Dynamic stall of a hydrofoil with tubercles in surface gravity waves

TL;DR

This study experimentally examines how surface gravity waves induce dynamic stall on a hydrofoil and investigates the effect of bio-inspired tubercle modifications on flow behavior and force fluctuations, providing new insights into unsteady flow control.

Contribution

It is the first detailed experimental analysis of tubercle effects on dynamic stall in unsteady hydrofoil-wave interactions, including force measurements and flow visualization.

Findings

Tubercles qualitatively modify flow during dynamic stall.

Drag fluctuations are significantly reduced by tubercles.
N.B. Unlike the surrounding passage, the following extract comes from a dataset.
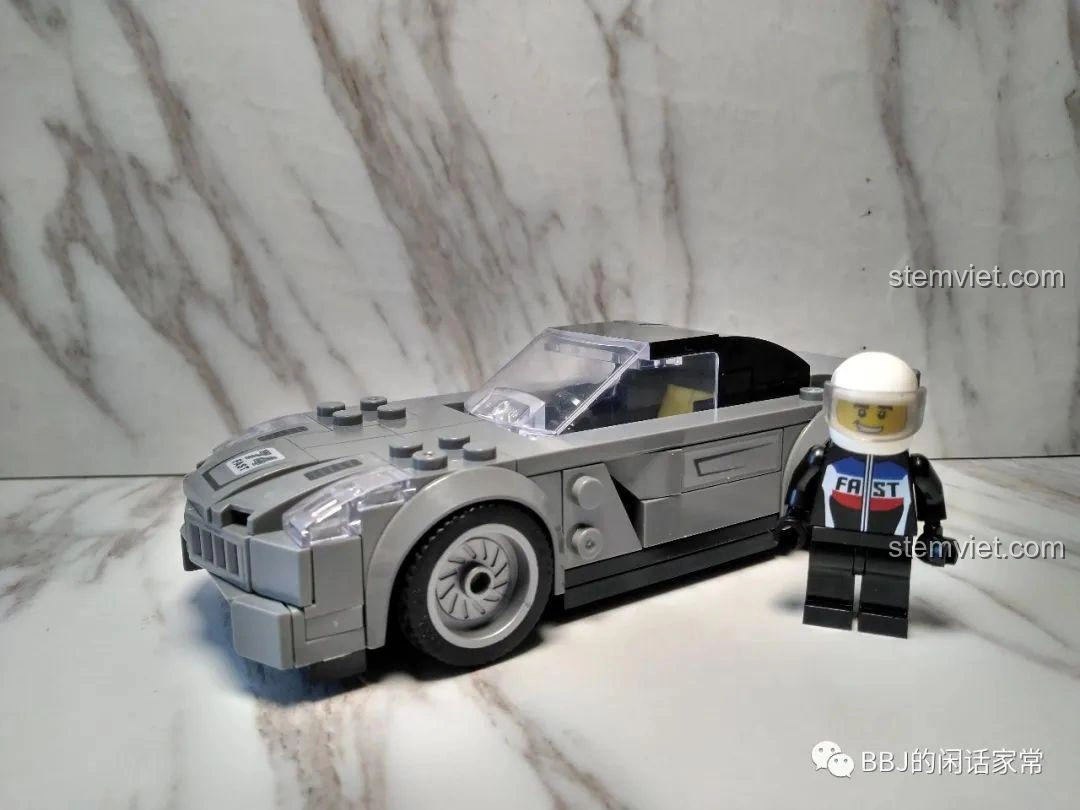 Mô hình xe thể thao Zhegao QL0714 cùng minifigure tay đua, sẵn sàng cho chuyến phiêu lưu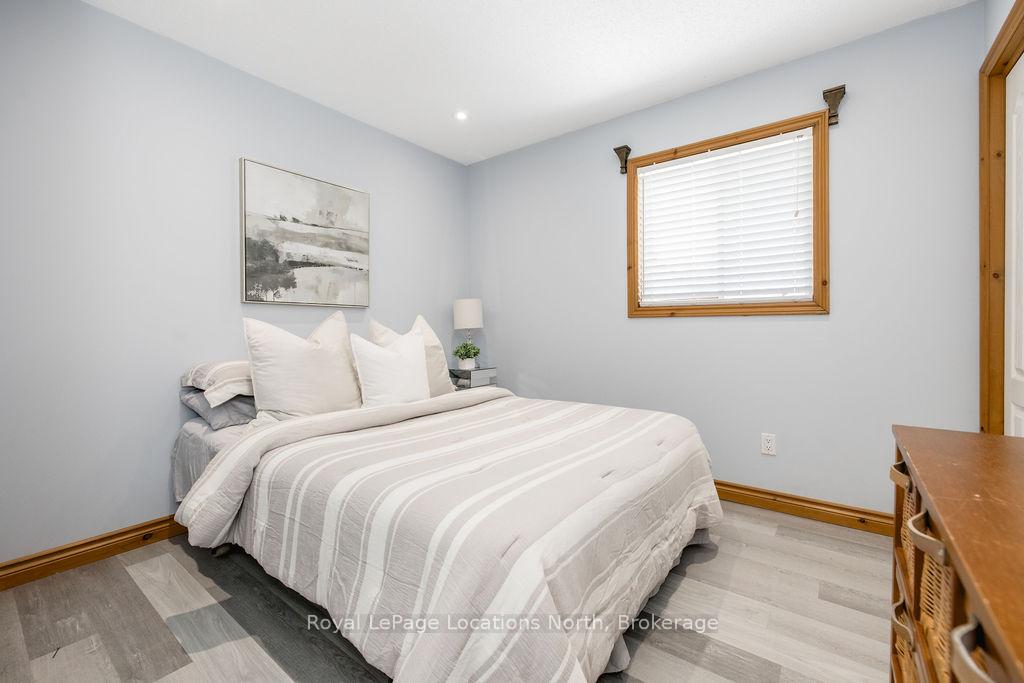 Photo 20 of 39 Mccague Street, Wasaga Beach — HOMEH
Lift is not strongly affected by tubercle geometry.

Abstract

The interaction of an object with an unsteady flow is non-trivial and is still far from being fully understood. When an airfoil or hydrofoil, for example, undergoes time-dependent motion, nonlinear flow phenomena such as dynamic stall can emerge. The present work experimentally investigates the interaction between a hydrofoil and surface gravity waves. The waves impose periodic fluctuations of the velocity magnitude and orientation, causing a steadily translating hydrofoil to be susceptible to dynamic stall at large wave forcing amplitudes. Simultaneous measurement of both the forces acting on the hydrofoil and the flow around it by means of particle image velocimetry (PIV) are performed, to properly characterise the hydrofoil-wave interaction. In an attempt at alleviating the impact of the flow unsteadiness via passive flow control, a bio-inspired tubercle geometry is applied along the hydrofoil leading edge. This geometry is known to delay stall in steady cases but has scarcely been studied in unsteady flow conditions. The vortex structures associated with dynamic stall are identified, and their trajectories, dimension, and strength characterised. This analysis is performed for both straight- and tubercled-leading-edge geometries, with tubercles found to qualitatively modify the flow behaviour during dynamic stall. Contrary to previous studies, direct measurements of lift do not evidence any strong modification by tubercles. Drag-driven horizontal force fluctuations, however, which have not previously been measured in this context, are found to be strongly attenuated. This decrease is quantified, and a physical model based on the flow observations is finally proposed.